Monday, April 22, 2013

Galileo Galilei

Galileo Galilei was a brilliant Math and Physics professor of the time. He had already discovered many important physics principles when he became interested in astronomy.

Galileo Galilei was born in Pisa on February 15, 1564. He and his family lived in Italy.

He was curious about science. He liked to learn how things worked. Galileo joined his family at Florence in 1574 and was tutored at first by Jacopo Borghini after which he was sent to the Camaldolese monastery at Vallombroso to study grammar, logic and rhetoric.

At the age of just 17 while still a student and using just his pulse as a timer, he observed that a pendulum takes the same amount of time to swing through its arc, no matter what its length. This was the first of many hugely important breakthroughs in physics.

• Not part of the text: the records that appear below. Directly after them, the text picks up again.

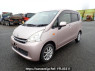 Used 2012 AT daihatsu move LA100S Image[2]
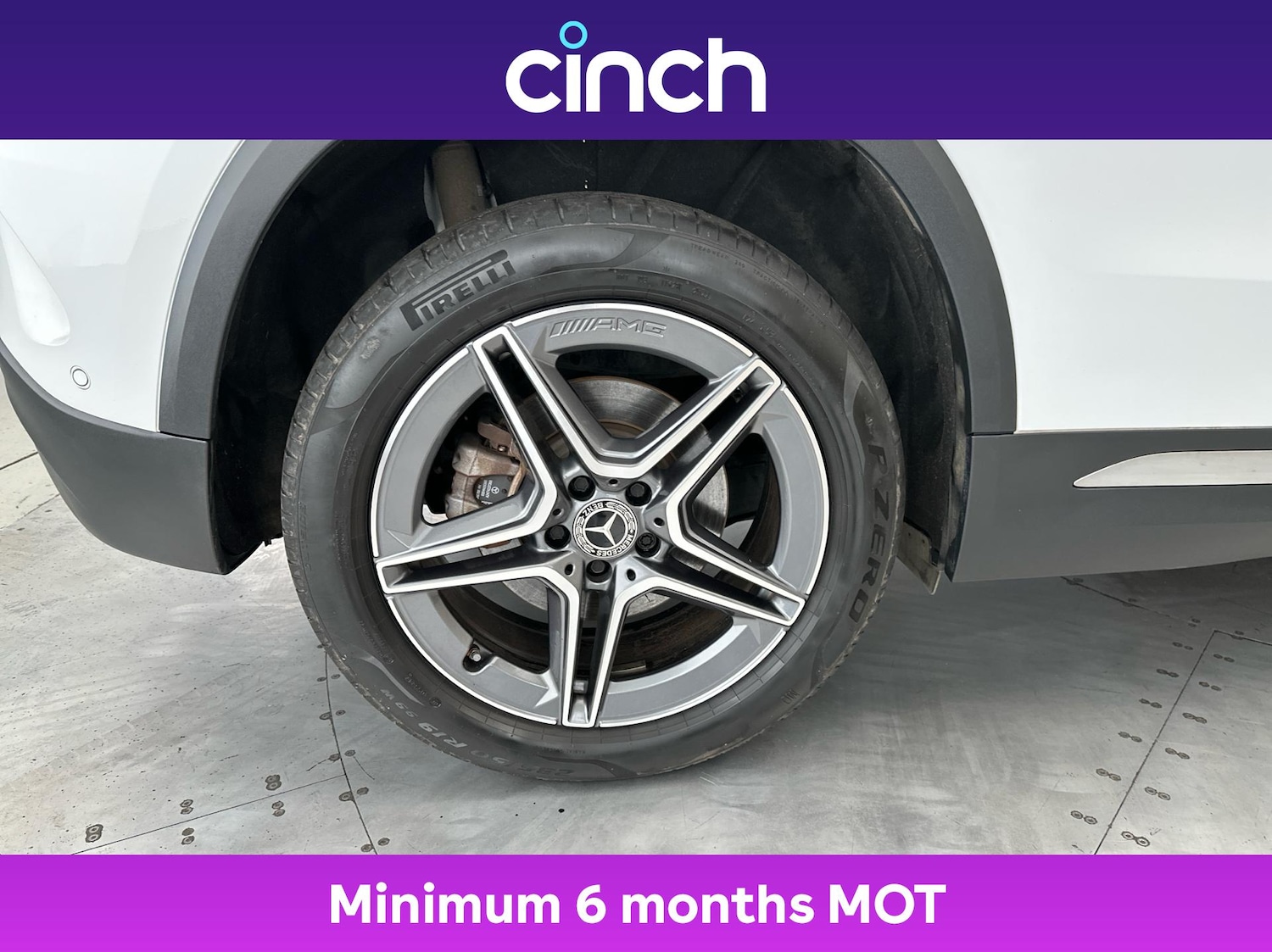 Used Mercedes-Benz GLA 2022 for sale - 76847758: Photo 27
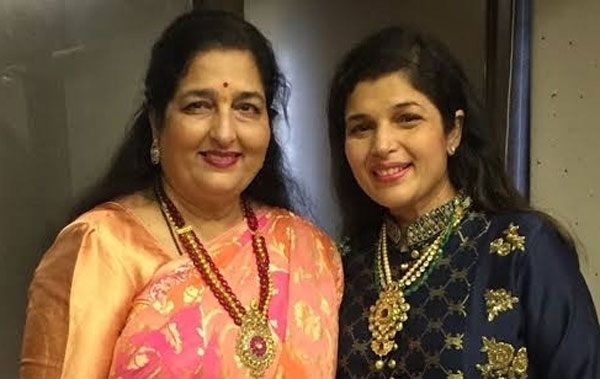 बहुत प्यार करते हैं शो के टाइटल ट्रैक को आवाज देंगी कविता पौडवाल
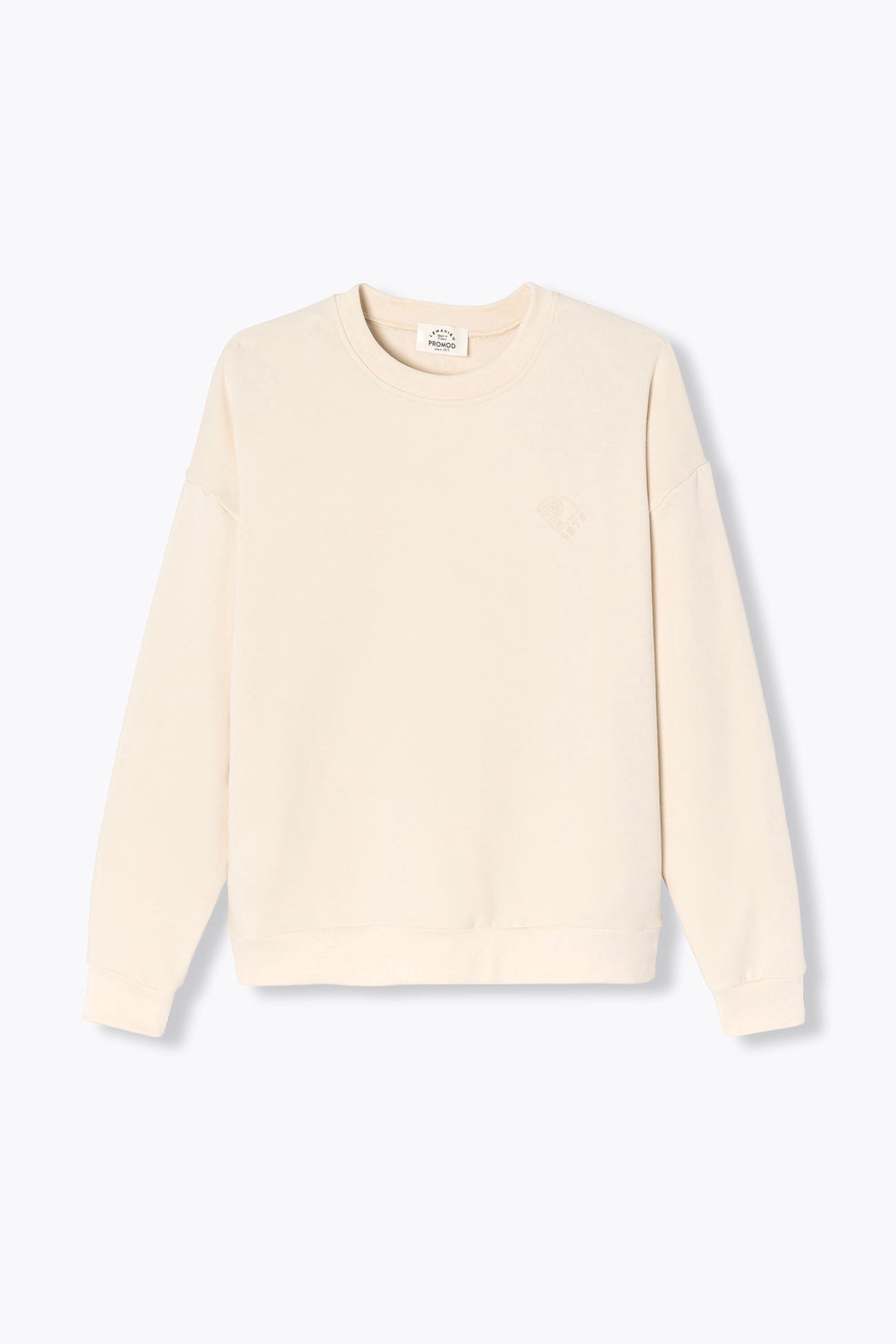Sweat-shirt made in France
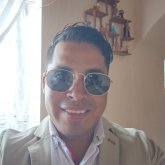 Busco hacer amistades. Gente alegre y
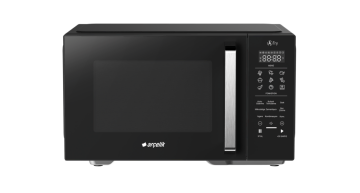 Arçelik MD 260 AF DB AFry Mikrodalga Fırın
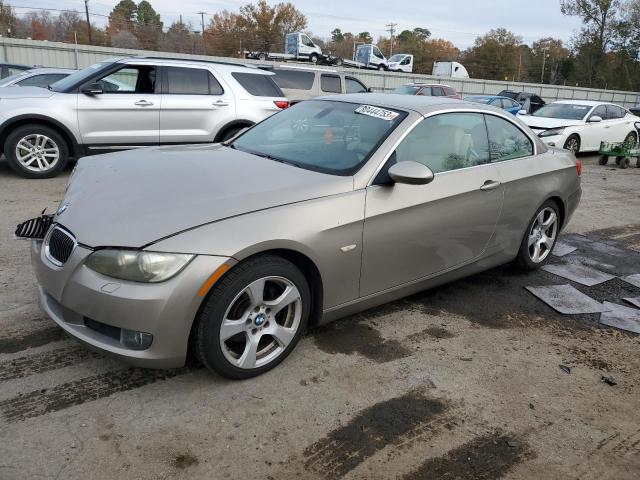 2007 BMW 3 Series 328i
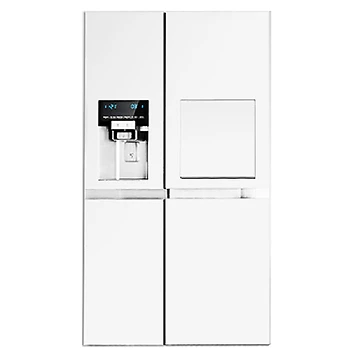 ساید بای ساید دوو مدل D2S-1037MW
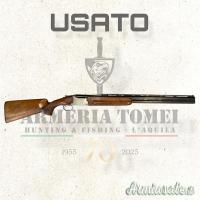 USATO – FUCILE SOVRAPPOSTO SKEET – WINCHESTER MOD. DIAMOND GRADE cal. 12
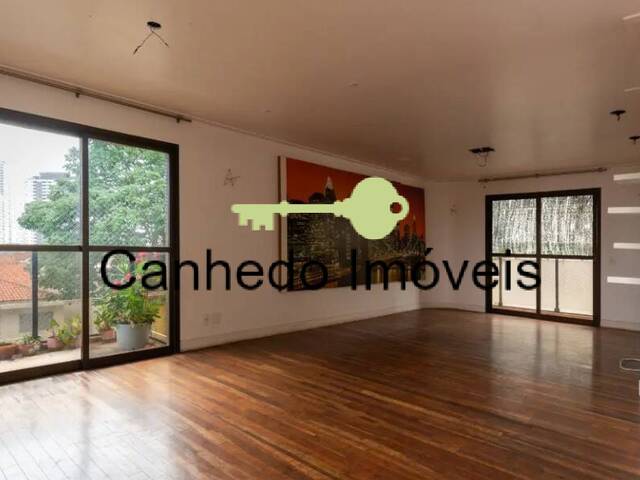 #211 - Apartamento para Venda em São Paulo - SP - 1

In 1592, he was appointed to the Chair of Mathematics at the University of Padua, where he was to remain after 18 years and where most of his important work was carried out.

Galileo transformed Aristotle’s logic of nature into mathematical, experimental physics. Although Galileo was not called a physicist in his own time, his worked provided procedures and results that lie at the heart of what people know today as physics.

In 1634 Galileo became seriously ill with a hernia. Galileo died at Arcetri, near Florence, on January 8, 1642, He was 77 years old.

His last book was Discourses Concerning Two New Sciences, finished in 1638. The book contains Galileo’s contributions to the science of physics. In it, he referred his theories of motion and the principles of mechanics.

Because of his pioneer work in gravitation and motion and is combining mathematical analysis with experimentation, Galileo is often referred to as the founder of modern mechanics and experimental physics.